With the rise of the Syrian Democratic Forces as representatives of the Kurds in northeastern Syria, Syrian national army supported by Turkey, and Hay’at Tahrir al-Sham (previously affiliated with al-Qaida) in northwestern Syria, the prospects for a unified democratic political movement against the regime have become increasingly dim. All of the involved parties are now engaging in competitive victimhood dynamics against other groups, with continuing violence overriding any hope of peaceful political transition or the emergence of a new form of shared Syrian national identity. As the situation becomes increasingly incoherent, the psychological imperative for ontological security through rigid self/Other demarcations will only become stronger.
At the time of this writing, the Syrian conflict is far from resolved.
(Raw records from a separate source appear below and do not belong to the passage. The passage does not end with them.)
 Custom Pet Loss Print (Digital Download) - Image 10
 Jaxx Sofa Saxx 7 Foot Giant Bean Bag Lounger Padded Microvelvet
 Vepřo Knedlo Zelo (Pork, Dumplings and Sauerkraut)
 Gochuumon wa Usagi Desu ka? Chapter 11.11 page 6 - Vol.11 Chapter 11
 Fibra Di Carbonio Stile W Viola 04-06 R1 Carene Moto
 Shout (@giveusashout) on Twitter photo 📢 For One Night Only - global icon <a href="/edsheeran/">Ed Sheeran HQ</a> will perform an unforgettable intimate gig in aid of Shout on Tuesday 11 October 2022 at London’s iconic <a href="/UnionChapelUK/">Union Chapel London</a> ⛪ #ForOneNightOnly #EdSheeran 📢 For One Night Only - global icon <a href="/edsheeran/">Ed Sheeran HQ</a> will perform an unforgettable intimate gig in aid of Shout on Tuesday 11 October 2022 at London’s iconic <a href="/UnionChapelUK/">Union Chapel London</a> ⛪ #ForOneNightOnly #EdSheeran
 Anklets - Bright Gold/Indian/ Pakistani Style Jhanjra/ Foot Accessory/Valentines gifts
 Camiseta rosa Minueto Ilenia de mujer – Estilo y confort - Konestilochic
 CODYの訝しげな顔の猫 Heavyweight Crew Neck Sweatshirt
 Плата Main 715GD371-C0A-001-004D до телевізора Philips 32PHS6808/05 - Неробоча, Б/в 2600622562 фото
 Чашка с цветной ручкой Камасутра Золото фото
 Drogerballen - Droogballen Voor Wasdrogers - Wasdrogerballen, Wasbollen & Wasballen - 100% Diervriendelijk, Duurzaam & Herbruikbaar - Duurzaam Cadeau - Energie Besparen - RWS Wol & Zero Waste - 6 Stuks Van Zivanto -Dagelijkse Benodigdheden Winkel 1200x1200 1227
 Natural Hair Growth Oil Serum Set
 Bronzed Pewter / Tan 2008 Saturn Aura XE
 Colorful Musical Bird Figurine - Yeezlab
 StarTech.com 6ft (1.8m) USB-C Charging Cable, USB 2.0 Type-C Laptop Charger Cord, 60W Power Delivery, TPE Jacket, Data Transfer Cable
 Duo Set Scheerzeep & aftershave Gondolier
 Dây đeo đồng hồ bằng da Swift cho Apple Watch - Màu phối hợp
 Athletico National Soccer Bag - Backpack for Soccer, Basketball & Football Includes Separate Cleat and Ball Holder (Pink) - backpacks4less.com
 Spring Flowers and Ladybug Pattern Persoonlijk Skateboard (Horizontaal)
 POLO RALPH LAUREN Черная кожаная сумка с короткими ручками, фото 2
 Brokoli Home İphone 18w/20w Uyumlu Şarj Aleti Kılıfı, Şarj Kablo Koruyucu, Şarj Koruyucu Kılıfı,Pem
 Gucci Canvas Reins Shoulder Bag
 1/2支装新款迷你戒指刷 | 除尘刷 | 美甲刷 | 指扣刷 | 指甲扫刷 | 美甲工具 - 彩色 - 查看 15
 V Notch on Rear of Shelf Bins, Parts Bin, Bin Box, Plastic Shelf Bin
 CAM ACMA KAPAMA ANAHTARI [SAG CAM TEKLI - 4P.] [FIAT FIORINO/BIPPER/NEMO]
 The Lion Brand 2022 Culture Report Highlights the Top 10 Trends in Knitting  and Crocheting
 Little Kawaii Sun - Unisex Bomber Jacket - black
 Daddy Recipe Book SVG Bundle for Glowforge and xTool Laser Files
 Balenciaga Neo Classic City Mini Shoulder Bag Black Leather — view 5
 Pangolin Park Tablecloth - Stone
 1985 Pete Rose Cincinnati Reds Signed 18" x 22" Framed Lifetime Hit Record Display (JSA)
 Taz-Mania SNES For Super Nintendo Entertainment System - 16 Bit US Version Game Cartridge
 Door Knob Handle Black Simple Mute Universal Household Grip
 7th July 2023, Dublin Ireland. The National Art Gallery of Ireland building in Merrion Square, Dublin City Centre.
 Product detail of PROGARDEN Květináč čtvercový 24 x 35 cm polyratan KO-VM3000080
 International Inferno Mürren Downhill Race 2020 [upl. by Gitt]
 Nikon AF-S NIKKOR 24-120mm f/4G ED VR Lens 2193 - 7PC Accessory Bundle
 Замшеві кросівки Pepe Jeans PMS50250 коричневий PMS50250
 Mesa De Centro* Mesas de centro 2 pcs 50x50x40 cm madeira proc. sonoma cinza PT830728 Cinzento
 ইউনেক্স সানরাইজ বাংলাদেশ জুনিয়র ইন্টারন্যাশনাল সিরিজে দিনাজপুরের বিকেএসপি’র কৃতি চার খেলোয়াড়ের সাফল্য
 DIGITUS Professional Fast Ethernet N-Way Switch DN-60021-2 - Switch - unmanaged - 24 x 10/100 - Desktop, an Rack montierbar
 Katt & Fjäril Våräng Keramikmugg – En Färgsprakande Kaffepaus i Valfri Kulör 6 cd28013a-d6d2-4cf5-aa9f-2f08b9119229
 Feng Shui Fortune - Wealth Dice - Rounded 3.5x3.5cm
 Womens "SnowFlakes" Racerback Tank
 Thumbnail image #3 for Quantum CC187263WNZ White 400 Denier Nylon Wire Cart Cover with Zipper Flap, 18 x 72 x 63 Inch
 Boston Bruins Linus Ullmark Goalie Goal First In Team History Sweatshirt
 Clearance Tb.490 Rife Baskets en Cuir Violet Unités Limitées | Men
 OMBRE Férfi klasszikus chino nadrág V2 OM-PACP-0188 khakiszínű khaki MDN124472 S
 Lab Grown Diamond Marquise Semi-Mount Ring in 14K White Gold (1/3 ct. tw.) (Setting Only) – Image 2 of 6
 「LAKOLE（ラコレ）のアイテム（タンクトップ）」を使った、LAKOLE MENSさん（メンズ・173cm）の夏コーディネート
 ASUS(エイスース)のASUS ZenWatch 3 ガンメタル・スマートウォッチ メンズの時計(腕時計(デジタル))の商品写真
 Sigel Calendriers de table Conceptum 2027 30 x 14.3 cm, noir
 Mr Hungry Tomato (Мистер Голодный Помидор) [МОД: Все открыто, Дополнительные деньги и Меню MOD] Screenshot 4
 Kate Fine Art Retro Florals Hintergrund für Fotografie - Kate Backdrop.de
The current constitutional committee has been unable to implement UN Resolution 2254 to establish a roadmap for peace talks. Doing so will require that we directly address the polarized social identities that have emerged in Syria and the role of ontological security needs in maintaining the conflict. A few specific recommendations can be made:
- Opposition leaders should be called upon to adopt a more inclusive national rhetoric that goes beyond polarizing sectarian affiliations. Current opposition rhetoric fuels binarism and exclusion, which stands in the path of a democratic and peaceful solution.
- There is a need to establish mediation as a trust-building exercise prior to any peace settlement. Instead of using wajahat (tribal leaders) and sheikhs as part of the formal mediation process, local leaders without strong sectarian affiliations should serve as representatives of Syria’s heterogenous communities.
- Empowering Syrian civil organizations, including feminist groups and youth in diaspora, is vital to help de-sectarianize the conflict. These groups have a strong investment in promoting narratives that prioritize citizenship and pluralism as the basis of national belonging.
- It is vital to neutralize the international manipulation and instrumentalization of different groups in the Syrian conflict, and to promote the agency of ordinary Syrians as a means to end polarization.
To break the cycles of violence and impunity that have destabilized Syrian society throughout the past five decades, there is a need to support a Syrian-led and Syrian-implemented transitional justice process. This will allow Syria to confront its past and to begin the process of building a sustainable peace. To restore the dignity of victims and empower them requires creating strong democratic political structures, restoring the rule of law, and securing a foundation for national reconciliation and compensation initiatives. Syrians need to reclaim their agency and political will from external actors and develop a national narrative that goes beyond politicizing and securitizing identities. Perhaps the voluntary dilution of these identities, which traditionally have been antagonistic and mutually exclusive, is the first step towards transitioning to internal peace.